There are times when we receive correspondence from the IRS with little nit-picky issues that are easy to resolve and are fairly inconsequential. But, even with these letters many taxpayers get lumps in their throats and butterflies in their stomachs.
Then there are times when those letters from the IRS bring tidings of really serious issues that, if they are left unanswered, can break both a business and business owner. One such issue that is always a threat is unpaid payroll taxes.
Businesses are required to withhold and pay both employer and employee Form 941 payroll taxes to the IRS. Unpaid payroll taxes can result in a business having its bank accounts seized or its accounts receivable from customers frozen. But if there are any payroll taxes unpaid that represent taxes withheld from employees, these taxes are not only a threat to the business, but a threat to the business owner.
Unpaid withholding taxes are also know affectionately by the IRS at "Trust Funds". The special thing about trust funds is that the IRS can collect those taxes not only from the business but also from the individual that is deemed to be a "responsible person" who has negligently used withheld taxes to fund the operations of a business. As far as the IRS is concerned not having enough money to pay employees and taxes both isn't a valid excuse. They just assume if you don't have enough cash to pay both, you should simply pay the employees less to ensure that you have enough cash for the payroll taxes.
But, who is considered a responsible person? IRS Form 4180 is the tool the IRS uses to identify the individual that is subject to personal liability for unpaid 941 taxes. This form is a simple interview form that lists a set of responsibilities and functions that are indicative of control over the decision to not pay the taxes due.
These functions include:
1. The ability to set the financial policies for a business.
2. The ability to direct and authorize the payment of bills.
3. The authorization to open and close bank accounts for the business.

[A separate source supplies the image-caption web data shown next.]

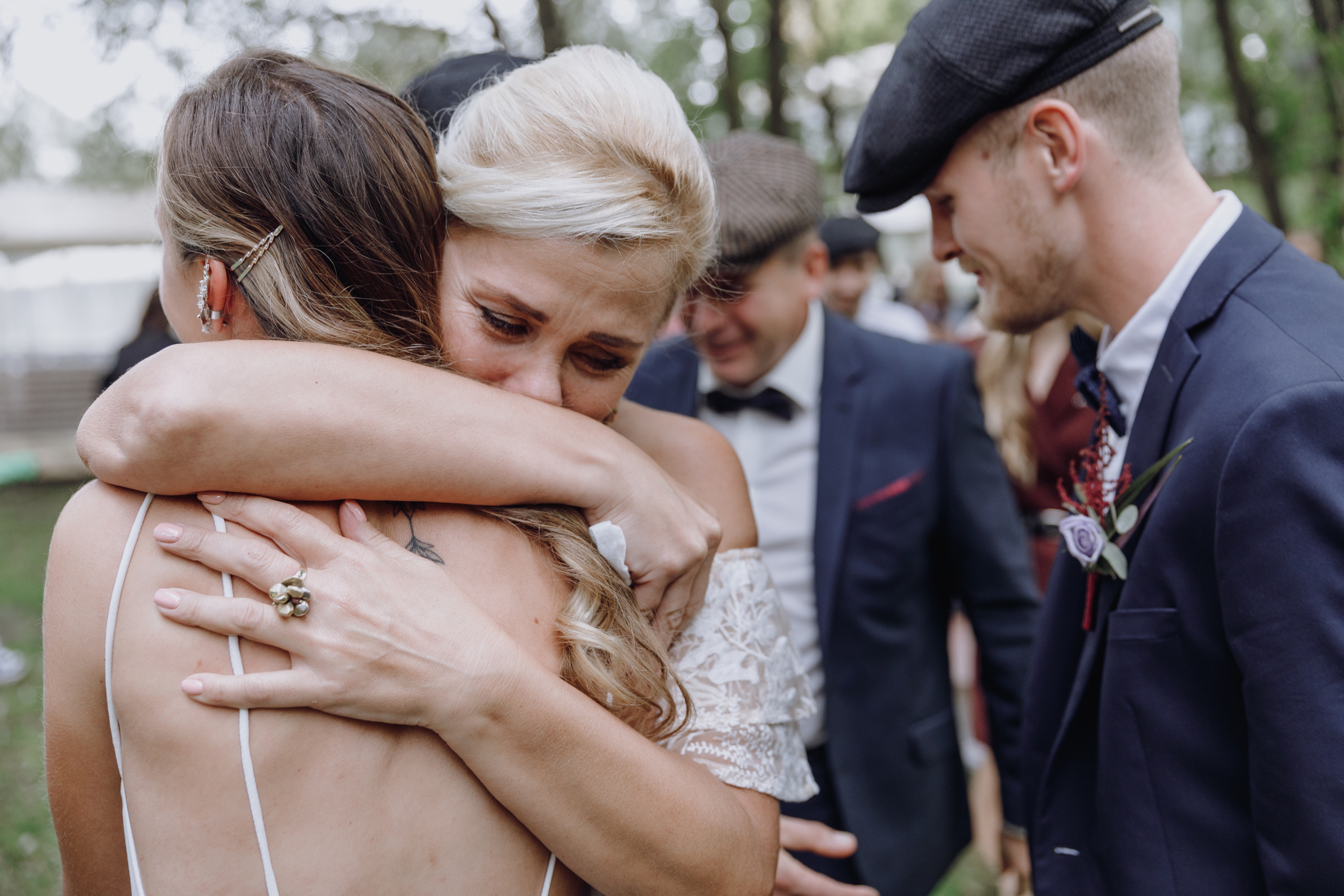 ВИТА И САША — Анонс свадьбы. Свадебный фотограф Тверь, Москва, Россия — Торопов Роман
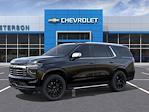 New 2026 Chevrolet Tahoe 4WD SUV for sale #G107713 - photo 1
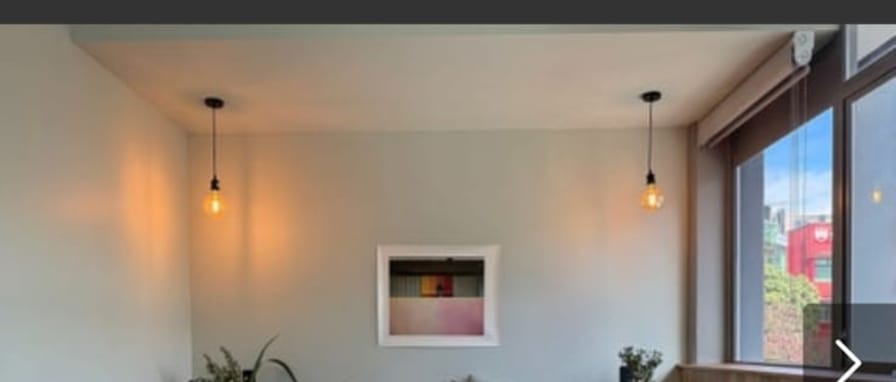 Mary VN's room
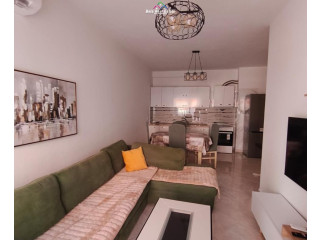 Apartament 2+1 Me Qera Tek Kompleksi Golden Park (ID B2201919) Tirane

4. The capacity to guarantee or co-sign loans.
5. The authorization to sign checks.
6. The responsibility for authorizing payroll.
7. The responsibility for making federal tax deposits.
8. The responsibility to prepare, review, and sign payroll tax reports.
9. The authorization to hire and fire employees.
The IRS makes its determination of responsibility based upon the overall picture painted concerning an individual and not simply because one or more of the above is answered yes. However, the more yes answers you get, the more likely you are the responsible person.
In addition to identifying the responsible person, the IRS must also determine that the individual operated in that capacity during the time period where the payroll taxes were unpaid. For instance, if a business hires a new CEO or CFO and it is found that payroll taxes were unpaid for periods prior to their hire, these new managers are not liable. The old managers are considered the responsible parties.
After this determination is made, then its the individual's bank accounts and wages that become the targets.
So what can be done to avoid this trauma? The first step is to identify the total payroll taxes due by period and break them down between trust funds and employer taxes. Next, begin paying out the oldest taxes first. But, be sure to identify on the face of the payment checks the tax periods that each covers and the fact that those payments are to be directed to pay trust funds first. A taxpayer has the absolute right to designate payments to cover trust funds first. But, if this designation isn't made, the IRS will be sure and apply the balance to the employer portion.
In addition, it is very important to keep track of all the outstanding periods and update the balances due for each as payments are made. Finally, whenever you receive a notice from the IRS, don't ignore the notice. You would be amazed at how much time you can buy simply through communication. The IRS will respect the fact that you are trying to resolve the issue and will delay collections as long as you are making steady attempts at communicating with them and dealing with the outstanding taxes. But, the best way to get yourself in trouble quick is to just ignore the bad news and try to live like there isn't a problem.
Good luck! And remember, a good plan for dealing with any crisis is always better than just watching the IRS take your stuff after you've lived a nice life in denial.